Other ITS courses include A102, which is the next module for all standard curriculum paths and A201, which also follows the A102 project for all paths. You may also be interested in testing which is defined in T101. With that, I will open up for questions. Feel free to provide any questions you may have using the chat window and we'll stay on as long as we receive some questions.

One of the questions that I frequently hear is what sort of time commitment is needed for the separate and the answer is it largely depends. As we discussed, it depends on the type of device you're procuring, whether it has SEP content or not, whether you're buying a central system versus a device and how large the project is overall. That chart we looked at provided a range for kind of the larger systems. If you're looking at maybe a messaging, you probably don't need to spend ten percent of your budget on just something generic.

You'd probably only spend a couple percent on systems engineering, but you still need to look at material. Good news is – a lot of the work's been done for you. But you still need to make sure you're following the process. So go ahead and type in your questions and we will answer those as they come in.

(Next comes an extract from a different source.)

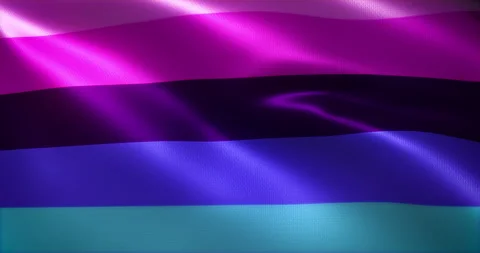 Omni Flag, Omnisexual Pride Flag with waving folds, close up view, 3D rendering Stock Footage 160225155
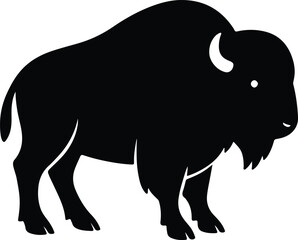 Silhouette bison standing graphic wild animal illustration Vector illustration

Just looking back through my notes, another type of question we've had is how do I really find out how to specify it, how a sample test—a sample procurement specification would be? And a lot of those details are defined in the following modules. They get into much more detail about how to specify the specific devices indulging all the way down to the very detailed options of the supply system. And with those standards that have SEP content, that's a very detailed definition. For those standards that do not have SEP content, that information requires a lot more focus             .

So, I do not see any other questions coming in, so with that—well, here's one question. Is it fair to assume that all NTCIP standards are standards with SEP content? Can you provide an example of a standard without SEP content?

Well, this changes over time. But there are currently some NTCIP standards that do not have SEP content in them as far as final group standards. I believe the signal control standard still does not have full SEP content. There are probably some others as well, but that's information that changes with time, so the best thing to do is to go to the website, download the current version of the standard, and identify whether that's good or not. I believe the supplement that we passed out does include a current list of those standards that do have SEP content.

Another question I received, what do you think about open source's approach? I assume this is in relation to software development and in particular, I would assume this is related to management systems. I'm unaware of any projects to do open source or devices at this point, but for management systems, there are some efforts to do some open sources.

As long as you think those efforts will meet your needs, then they're worth considering. Recognize some of the projects that are comparatively open source are—actually, if you start reading the details—are not quite as open as a lot of vendors would like them to be. They are really pretty well tied to one particular system's integrator with somewhat open licensing rules, but you're really kind of stuck with one particular systems integrator.

To me, any true open source approach needs to be available for any systems integrator to some into to develop and enhance things without requiring special licensing fees or other             . So as long as the approach follows that scenario, it's worth consideration. But I think the open source solutions out there right now may have some ways to go before they're really competitive on the full range of features as other mainstream solutions. But that will likely change over time, so you have to look at your particular project, I think.

And with that, that's all your questions I have received, so thank you for attending this course and that concludes the A101 Module.